Ruby looks over Antoinette’s shoulder, expecting an incursion of the Montero tribe.
“It’s okay,” Antoinette says. “They’re not coming in.” She sits half her butt on the edge of Ruby’s bed. “How are you? How do you feel?”
“Like I just gave birth to an elephant.” Ruby’s tongue feels as fuzzy as her brain. “But the drugs are good.”

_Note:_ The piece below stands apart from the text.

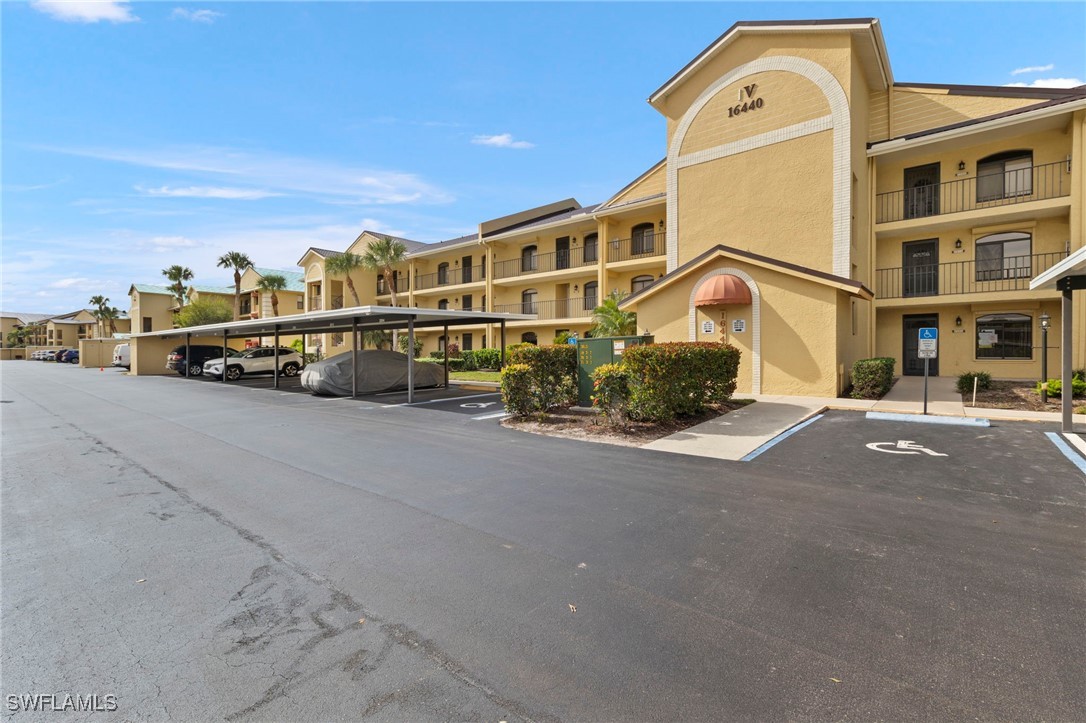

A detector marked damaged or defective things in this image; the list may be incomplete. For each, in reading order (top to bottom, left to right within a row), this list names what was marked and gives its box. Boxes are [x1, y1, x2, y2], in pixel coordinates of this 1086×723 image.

Antoinette fiddles with the edge of the thin blanket, pulls at a loose thread. “I want, I need to ask…” Her eyes remain downcast as she speaks; her fingers pick at the blanket’s stitching, unrolling the hem. Ruby tries to focus on Antoinette’s words, but she keeps thinking how her friend really, really needs a manicure.
It would mean so much to the family, Antoinette says, if they could do just this one thing, if they could have their priest come to baptize the baby before he is sent away from them. “You know, so they won’t all worry that he’ll end up in limbo or hell.”
All of it, the exhaustion, the emotion, the reality that she is giving up her child, is an insidious fog that creeps in and shrouds Ruby as tightly as her baby was swaddled. She says something, she must, because Antoinette squeezes Ruby’s foot then disappears. Margaret holds a big plastic mug to Ruby’s lips; she drinks from the straw, feels the cool water trickle down her throat. Margaret lowers the bed. And Ruby closes her eyes.
ONE HUNDRED FOUR
Candles throw their golden light everywhere. Rows of flickering votives line the ledges that run down both sides of the little room and balance on the railing in front of the pews. Two tall candelabra stand like many-armed goddesses on the riser just beyond the railing. The candles transform the plain, institutional chapel into a garden of light.